[Haskell-cafe] Re: Interest in helping w/ Haskell standard
Cale Gibbard
cgibbard at gmail.com
Sat Oct 15 02:17:33 EDT 2005
On 15/10/05, Ketil Malde <ketil+haskell at ii.uib.no> wrote:
> David Roundy <droundy at abridgegame.org> writes:
>
> >> Bah, simple libraries. They don't have to be part of the Standard
> >> Prelude.
>
> > I completely agree. I'd rather decrease the number of libraries defined in
> > the language itself and decouple library standardization from the
> > definition of the language standard. Libraries can much more easily be
> > developed and improved.
>
> I'd vote for moving map, null and lookup from Prelude to an explicit
> List import (like insert already is). They tend to be used by
> collections (Data.Set, Map etc), which complicates imports or requires
> unnecessary qualification.
>
> Alternatively, as (List.)map and null are very common, use different
> names for other collections (fmap? isEmpty?).
>
> As a general rule, I think libraries shouldn't overload names imported
> implicitly from the Prelude. (I know it is fashionable to qualify
> everything this week, but I prefer to be able to use unqualified names
> occasionally as well).
>
> -k
> --
> If I haven't seen further, it is by standing in the footprints of giants
>
Or fix the "Set is not an instance of Functor" problem and then rename
fmap to map. :) John Hughes' proposal works, though I don't know if
I'd like all the wft's cluttering up my class contexts. I've been
thinking of some other ways to solve the problem by extending the kind
system (as the problem is that the kind of the type parameter to Set
should not really be *, but a subkind thereof consisting of the types
satisfying Ord).
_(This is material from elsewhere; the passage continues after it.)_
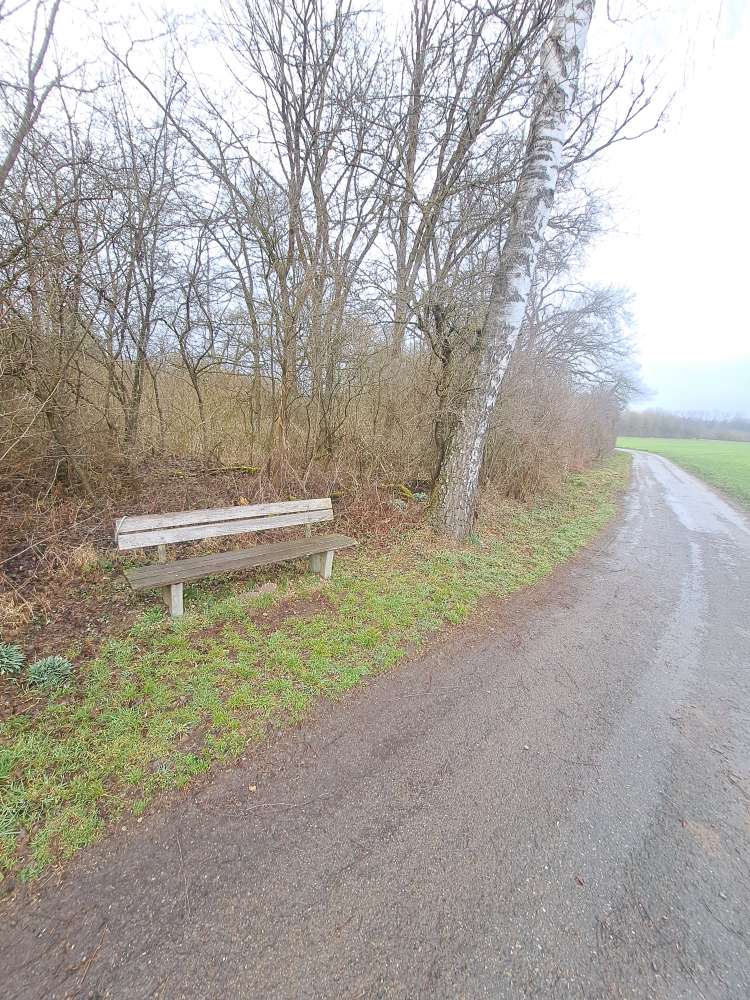 Giftköder-Vermutlich Giftköder !-Profilbild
It looks like this approach should work, but I
either need to do more reading or more talking to people knowledgeable
about type theory, and the existing implementations in order to
completely formalise it.
I agree somewhat about the qualified names, but I think in a lot of
cases, when things are called the same thing, it is because they are
doing the same thing, and so there should be a typeclass for them.